Williams wins but storm still on horizon
Saturday, 28 June 2008
Storm clouds and thunder on Centre Court – perfect weather for a girl with a new raincoat. Serena Williams had brought hers along again but all the most expensive double-breasted tailoring cannot protect against the clouds in a player's head.
Dark thoughts rumbled away in Williams' mind as she struggled towards a 7-6, 6-1 victory against Amélie Mauresmo, the winner here two years ago though a woman well on the margins now. There was a measure of what was going on up there in the American's screams. They were there from the start, after she had discarded the coat – which looks a ridiculous garment in which to warm up – and they were at full pitch in the first-set tie-break into which the match eventually limped.
Williams just about prevailed in that and Mauresmo was finished after that reverse. The departure from the draw within 48 hours of Maria Sharapova, Ana Ivanovic and the 11th-seeded Frenchwoman Marion Bartoli, whom Williams had been due to meet next, will cheer her but she will need to lift her game.

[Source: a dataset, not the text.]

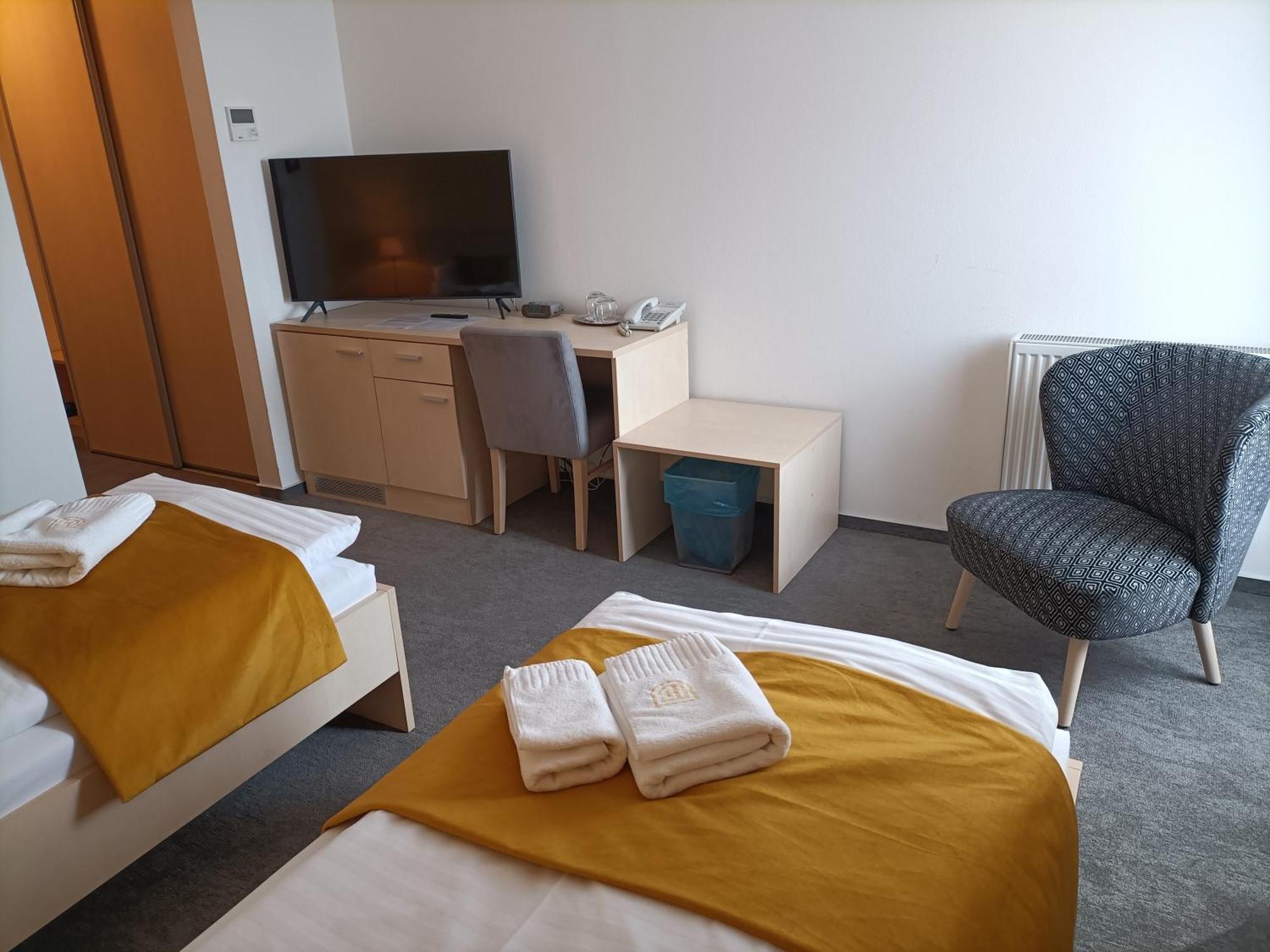 Hotel Eminent Stomfa Kültér fotó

For a match which pitched the 2002 and 2003 winner against the champion of 2006, this was a curiously muted occasion. Though Mauresmo, an individual of such promise when she became the first Frenchwoman to lift the singles title in the Open era, showed glimpses of her old craft – an exquisite passing shot past Williams' backhand in the first game of the second set showed it – there are doubts about whether she can make it back to her best now.
"I will see how the leg is and then I'll really see what's gong to happen," Mauresmo said, "how long I will have to take care of this before I can practice again."
Would she be back in SW19 next year? "Yeah, I think so," she said, unconvincingly.
Bartoli was unable to recreate her heroics of 12 months ago, when she beat Justine Henin, the then world No 1, in the semi-finals before losing to Venus Williams in the final. The Frenchwoman was beaten 6-4, 6-1 by Bethanie Mattek of the United States. Bartoli had arrived at the All England Club in poor form, troubled by a wrist injury. At 4-5 in the first set she was in more trouble and took a medical time-out for treatment to a shoulder problem. It hardly brought about an improvement as the world No 10 lost seven of the last eight games.
Elsewhere, David Felgate could take satisfaction from Nicole Vaidisova's progress to the fourth round, which was completed yesterday with a 6-2, 6-4 win over Australian Casey Dellacqua, some people's tip for an upset after overcoming the Czech twice on the hard courts already this year.
Vaidisova, who has been working with Felgate after Nick Bollettieri introduced them, is one of the many women to whom the ATP board member Justin Gimelstob has turned his attentions in his eye-watering analysis of the women's game. "A well-developed young lady and I'm not talking about her backhand" was his prognosis.
The world No 22, cheered by her progress after a dire year on the clay courts, was surprisingly forgiving.
"He's a very nice guy. I think it's just you say something and you don't mean it," she said.
Vaidisova found herself in a blinding spotlight when her prodigious talent first revealed itself as she became the sixth-youngest Women's Tour winner in history at the age of 15; losing the media attention during her slip from world No 7 to 22 has helped.
"If you're a young player coming up you have so much pressure to do well. But [now] I just do my own thing." These were the words of the 19-year-old who now meets the No 8 seed, Anna Chakvetadze.